**Exercise objective**. Please write out every line of the material exactly.

**Dataset entries**.
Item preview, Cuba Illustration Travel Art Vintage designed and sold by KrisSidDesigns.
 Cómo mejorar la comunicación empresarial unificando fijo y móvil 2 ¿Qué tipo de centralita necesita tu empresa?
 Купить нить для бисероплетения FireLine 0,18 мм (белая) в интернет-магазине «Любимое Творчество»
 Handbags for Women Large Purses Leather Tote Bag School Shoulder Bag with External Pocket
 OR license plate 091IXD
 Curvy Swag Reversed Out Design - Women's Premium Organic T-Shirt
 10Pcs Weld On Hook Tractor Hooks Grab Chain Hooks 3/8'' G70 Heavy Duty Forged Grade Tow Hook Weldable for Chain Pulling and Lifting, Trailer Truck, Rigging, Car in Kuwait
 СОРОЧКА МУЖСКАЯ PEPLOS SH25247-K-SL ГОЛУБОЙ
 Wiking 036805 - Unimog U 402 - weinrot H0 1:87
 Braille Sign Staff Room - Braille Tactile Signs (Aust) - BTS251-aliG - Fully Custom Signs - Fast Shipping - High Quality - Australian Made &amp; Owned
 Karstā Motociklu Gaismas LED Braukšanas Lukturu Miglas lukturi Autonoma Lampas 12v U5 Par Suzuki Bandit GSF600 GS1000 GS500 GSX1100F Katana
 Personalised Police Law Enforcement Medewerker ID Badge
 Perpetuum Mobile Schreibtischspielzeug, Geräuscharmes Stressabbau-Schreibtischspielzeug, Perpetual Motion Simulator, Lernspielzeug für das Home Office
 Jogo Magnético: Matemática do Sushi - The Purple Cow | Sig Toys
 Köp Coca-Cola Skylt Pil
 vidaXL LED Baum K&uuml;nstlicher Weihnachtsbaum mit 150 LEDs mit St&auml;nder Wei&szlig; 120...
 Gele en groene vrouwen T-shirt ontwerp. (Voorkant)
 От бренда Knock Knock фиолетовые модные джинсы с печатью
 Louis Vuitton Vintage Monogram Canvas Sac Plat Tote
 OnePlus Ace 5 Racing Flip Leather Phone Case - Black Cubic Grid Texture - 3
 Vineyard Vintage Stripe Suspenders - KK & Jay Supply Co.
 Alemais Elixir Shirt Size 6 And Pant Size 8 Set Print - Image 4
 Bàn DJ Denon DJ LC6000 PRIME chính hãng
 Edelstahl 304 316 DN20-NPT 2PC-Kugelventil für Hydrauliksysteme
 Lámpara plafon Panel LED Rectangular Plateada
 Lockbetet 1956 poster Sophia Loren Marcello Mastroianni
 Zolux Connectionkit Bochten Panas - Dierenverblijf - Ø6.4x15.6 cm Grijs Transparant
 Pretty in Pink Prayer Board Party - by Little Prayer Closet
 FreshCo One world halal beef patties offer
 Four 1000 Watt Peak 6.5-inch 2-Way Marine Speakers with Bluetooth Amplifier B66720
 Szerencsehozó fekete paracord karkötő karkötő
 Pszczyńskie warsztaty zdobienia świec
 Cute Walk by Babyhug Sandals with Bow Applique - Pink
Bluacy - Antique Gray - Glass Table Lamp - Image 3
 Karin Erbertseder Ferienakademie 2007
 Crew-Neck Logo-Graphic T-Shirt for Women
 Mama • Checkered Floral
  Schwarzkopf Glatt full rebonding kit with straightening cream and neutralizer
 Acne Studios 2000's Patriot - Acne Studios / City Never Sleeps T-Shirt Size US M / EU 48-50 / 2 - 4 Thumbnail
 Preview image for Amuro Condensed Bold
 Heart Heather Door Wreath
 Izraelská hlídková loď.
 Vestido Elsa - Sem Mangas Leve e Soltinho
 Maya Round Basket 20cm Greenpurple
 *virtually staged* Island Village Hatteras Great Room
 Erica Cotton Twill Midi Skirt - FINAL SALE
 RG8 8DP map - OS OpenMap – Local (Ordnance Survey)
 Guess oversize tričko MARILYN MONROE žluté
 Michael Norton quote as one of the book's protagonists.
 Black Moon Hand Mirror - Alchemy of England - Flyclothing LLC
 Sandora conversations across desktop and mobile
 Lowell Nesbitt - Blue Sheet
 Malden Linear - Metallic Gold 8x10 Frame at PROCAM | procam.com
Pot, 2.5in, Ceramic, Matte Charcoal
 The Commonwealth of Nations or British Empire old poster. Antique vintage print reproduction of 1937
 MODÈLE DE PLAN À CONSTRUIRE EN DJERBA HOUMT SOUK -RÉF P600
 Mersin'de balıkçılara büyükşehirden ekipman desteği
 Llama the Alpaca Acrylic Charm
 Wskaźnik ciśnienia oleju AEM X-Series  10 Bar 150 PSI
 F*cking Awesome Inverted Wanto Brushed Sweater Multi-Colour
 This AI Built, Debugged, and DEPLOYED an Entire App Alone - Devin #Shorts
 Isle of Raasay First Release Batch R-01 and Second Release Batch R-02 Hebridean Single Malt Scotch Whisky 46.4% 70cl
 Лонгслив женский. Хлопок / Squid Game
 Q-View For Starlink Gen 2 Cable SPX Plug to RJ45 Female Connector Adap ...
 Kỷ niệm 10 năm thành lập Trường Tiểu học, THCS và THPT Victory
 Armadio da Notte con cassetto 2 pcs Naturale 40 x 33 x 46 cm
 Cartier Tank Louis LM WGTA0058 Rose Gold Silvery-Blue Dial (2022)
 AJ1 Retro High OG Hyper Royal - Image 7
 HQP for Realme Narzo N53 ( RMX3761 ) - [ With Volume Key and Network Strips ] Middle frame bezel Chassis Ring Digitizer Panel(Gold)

**Exercise result**.
Item preview, Cuba Illustration Travel Art Vintage designed and sold by KrisSidDesigns.
 Cómo mejorar la comunicación empresarial unificando fijo y móvil 2 ¿Qué tipo de centralita necesita tu empresa?
 Купить нить для бисероплетения FireLine 0,18 мм (белая) в интернет-магазине «Любимое Творчество»
 Handbags for Women Large Purses Leather Tote Bag School Shoulder Bag with External Pocket
 OR license plate 091IXD
 Curvy Swag Reversed Out Design - Women's Premium Organic T-Shirt
 10Pcs Weld On Hook Tractor Hooks Grab Chain Hooks 3/8'' G70 Heavy Duty Forged Grade Tow Hook Weldable for Chain Pulling and Lifting, Trailer Truck, Rigging, Car in Kuwait
 СОРОЧКА МУЖСКАЯ PEPLOS SH25247-K-SL ГОЛУБОЙ
 Wiking 036805 - Unimog U 402 - weinrot H0 1:87
 Braille Sign Staff Room - Braille Tactile Signs (Aust) - BTS251-aliG - Fully Custom Signs - Fast Shipping - High Quality - Australian Made &amp; Owned
 Karstā Motociklu Gaismas LED Braukšanas Lukturu Miglas lukturi Autonoma Lampas 12v U5 Par Suzuki Bandit GSF600 GS1000 GS500 GSX1100F Katana
 Personalised Police Law Enforcement Medewerker ID Badge
 Perpetuum Mobile Schreibtischspielzeug, Geräuscharmes Stressabbau-Schreibtischspielzeug, Perpetual Motion Simulator, Lernspielzeug für das Home Office
 Jogo Magnético: Matemática do Sushi - The Purple Cow | Sig Toys
 Köp Coca-Cola Skylt Pil
 vidaXL LED Baum K&uuml;nstlicher Weihnachtsbaum mit 150 LEDs mit St&auml;nder Wei&szlig; 120...
 Gele en groene vrouwen T-shirt ontwerp. (Voorkant)
 От бренда Knock Knock фиолетовые модные джинсы с печатью
 Louis Vuitton Vintage Monogram Canvas Sac Plat Tote
 OnePlus Ace 5 Racing Flip Leather Phone Case - Black Cubic Grid Texture - 3
 Vineyard Vintage Stripe Suspenders - KK & Jay Supply Co.
 Alemais Elixir Shirt Size 6 And Pant Size 8 Set Print - Image 4
 Bàn DJ Denon DJ LC6000 PRIME chính hãng
 Edelstahl 304 316 DN20-NPT 2PC-Kugelventil für Hydrauliksysteme
 Lámpara plafon Panel LED Rectangular Plateada
 Lockbetet 1956 poster Sophia Loren Marcello Mastroianni
 Zolux Connectionkit Bochten Panas - Dierenverblijf - Ø6.4x15.6 cm Grijs Transparant
 Pretty in Pink Prayer Board Party - by Little Prayer Closet
 FreshCo One world halal beef patties offer
 Four 1000 Watt Peak 6.5-inch 2-Way Marine Speakers with Bluetooth Amplifier B66720
 Szerencsehozó fekete paracord karkötő karkötő
 Pszczyńskie warsztaty zdobienia świec
 Cute Walk by Babyhug Sandals with Bow Applique - Pink
Bluacy - Antique Gray - Glass Table Lamp - Image 3
 Karin Erbertseder Ferienakademie 2007
 Crew-Neck Logo-Graphic T-Shirt for Women
 Mama • Checkered Floral
  Schwarzkopf Glatt full rebonding kit with straightening cream and neutralizer
 Acne Studios 2000's Patriot - Acne Studios / City Never Sleeps T-Shirt Size US M / EU 48-50 / 2 - 4 Thumbnail
 Preview image for Amuro Condensed Bold
 Heart Heather Door Wreath
 Izraelská hlídková loď.
 Vestido Elsa - Sem Mangas Leve e Soltinho
 Maya Round Basket 20cm Greenpurple
 *virtually staged* Island Village Hatteras Great Room
 Erica Cotton Twill Midi Skirt - FINAL SALE
 RG8 8DP map - OS OpenMap – Local (Ordnance Survey)
 Guess oversize tričko MARILYN MONROE žluté
 Michael Norton quote as one of the book's protagonists.
 Black Moon Hand Mirror - Alchemy of England - Flyclothing LLC
 Sandora conversations across desktop and mobile
 Lowell Nesbitt - Blue Sheet
 Malden Linear - Metallic Gold 8x10 Frame at PROCAM | procam.com
Pot, 2.5in, Ceramic, Matte Charcoal
 The Commonwealth of Nations or British Empire old poster. Antique vintage print reproduction of 1937
 MODÈLE DE PLAN À CONSTRUIRE EN DJERBA HOUMT SOUK -RÉF P600
 Mersin'de balıkçılara büyükşehirden ekipman desteği
 Llama the Alpaca Acrylic Charm
 Wskaźnik ciśnienia oleju AEM X-Series  10 Bar 150 PSI
 F*cking Awesome Inverted Wanto Brushed Sweater Multi-Colour
 This AI Built, Debugged, and DEPLOYED an Entire App Alone - Devin #Shorts
 Isle of Raasay First Release Batch R-01 and Second Release Batch R-02 Hebridean Single Malt Scotch Whisky 46.4% 70cl
 Лонгслив женский. Хлопок / Squid Game
 Q-View For Starlink Gen 2 Cable SPX Plug to RJ45 Female Connector Adap ...
 Kỷ niệm 10 năm thành lập Trường Tiểu học, THCS và THPT Victory
 Armadio da Notte con cassetto 2 pcs Naturale 40 x 33 x 46 cm
 Cartier Tank Louis LM WGTA0058 Rose Gold Silvery-Blue Dial (2022)
 AJ1 Retro High OG Hyper Royal - Image 7
 HQP for Realme Narzo N53 ( RMX3761 ) - [ With Volume Key and Network Strips ] Middle frame bezel Chassis Ring Digitizer Panel(Gold)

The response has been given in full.